__What is being asked__: Every word in the data below belongs in your copy, exactly as given; the pictures do not.

__Information shown__:

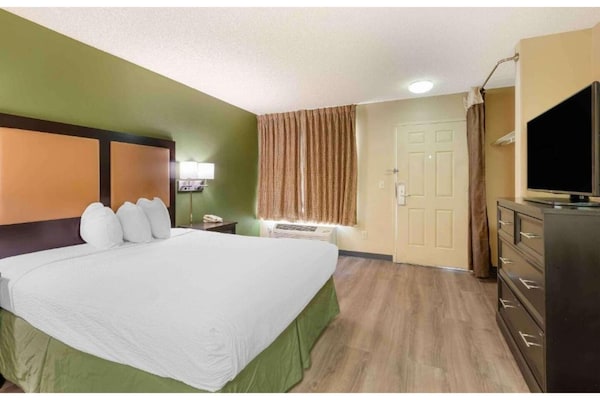 Foto van 1 Queensize Bed | Ada/ri Douche/roken/keuken - Vakantiehuis in Fresno CA - BedRoom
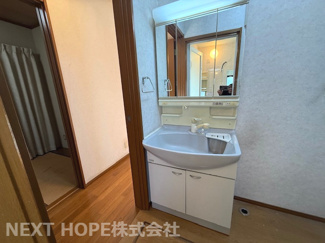 【独立洗面台】 | 尼崎市菜切山町中古戸建 | 洗面化粧台です♪シャワー水栓で使い勝手も良いです！鏡は三面鏡になっております！朝の身支度もゆっくりできますね！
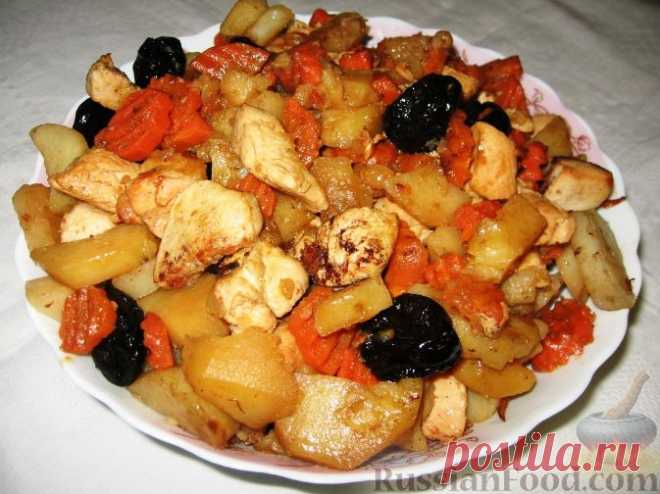 Рецепт: Цимес из картофеля, курицы, изюма и чернослива на RussianFood.com
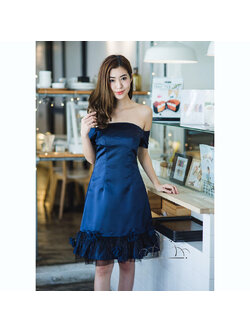 kudapyเดรสสั้นสีกรม ปาดไหล่ต่อชายระบายขนนก สวยน่ารักใส่แล้วดูดี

__Exercise answer__:
 Foto van 1 Queensize Bed | Ada/ri Douche/roken/keuken - Vakantiehuis in Fresno CA - BedRoom
 【独立洗面台】 | 尼崎市菜切山町中古戸建 | 洗面化粧台です♪シャワー水栓で使い勝手も良いです！鏡は三面鏡になっております！朝の身支度もゆっくりできますね！
 Рецепт: Цимес из картофеля, курицы, изюма и чернослива на RussianFood.com
 kudapyเดรสสั้นสีกรม ปาดไหล่ต่อชายระบายขนนก สวยน่ารักใส่แล้วดูดี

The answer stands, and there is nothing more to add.